- IATA: ASY; ICAO: KASY; FAA LID: ASY;

Summary
- Airport type: Public
- Owner: Ashley Municipal Airport Authority
- Serves: Ashley, North Dakota
- Elevation AMSL: 2,034 ft (620 m)
- Coordinates: 46°01′29″N 099°21′06″W﻿ / ﻿46.02472°N 99.35167°W

Map
- ASY Location of airport in North DakotaASYASY (the United States)

Runways
| Direction | Length |  | Surface |
| ft | m |
| 14/32 | 4,364 | 1,330 | Asphalt |

Statistics (2023)
- Aircraft operations (year ending 4/26/2023): 5,000
- Based aircraft: 13
- Source: Federal Aviation Administration

= Ashley Municipal Airport =

Ashley Municipal Airport is a public use airport located one nautical mile (2 km) southeast of the central business district of Ashley, a city in McIntosh County, North Dakota, United States. It is owned by the Ashley Municipal Airport Authority.

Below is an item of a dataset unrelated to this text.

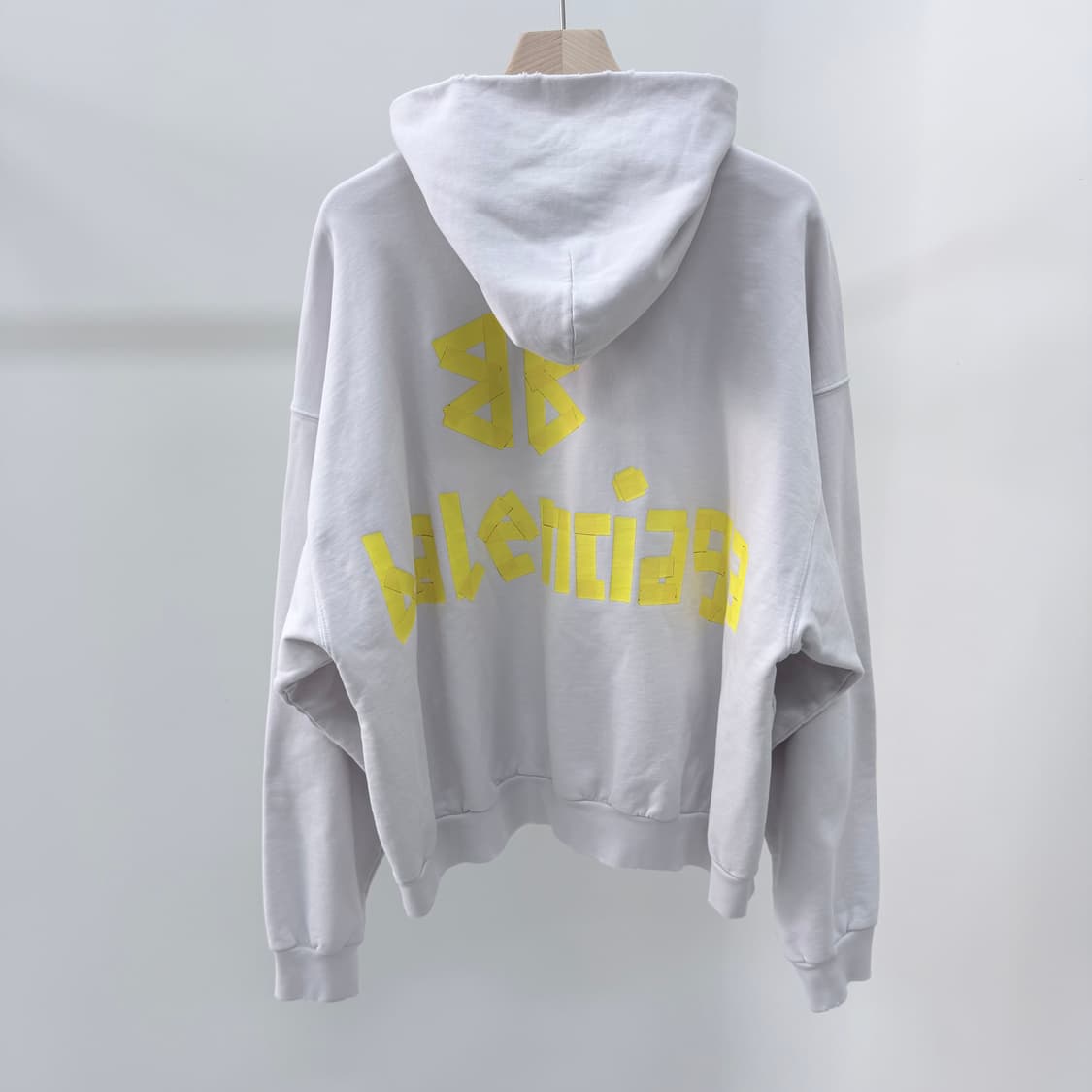 [S+급/XXS] 24ss 발렌시아가 테이프 타입 로고 후드티 상품이미지4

== Facilities and aircraft ==
Ashley Municipal Airport covers an area of 127 acres (51 ha) at an elevation of 2,034 feet (620 m) above mean sea level. It has one runway: 14/32 is 4,364 by 60 feet (1,330 x 18 m) with an asphalt surface.

For the 12-month period ending April 26, 2023, the airport had 5,000 aircraft operations, an average of 96 per week: 90% general aviation, 4% air taxi, and 6% military. At that time there were 13 aircraft based at this airport, 12 single-engine, and 1 multi-engine.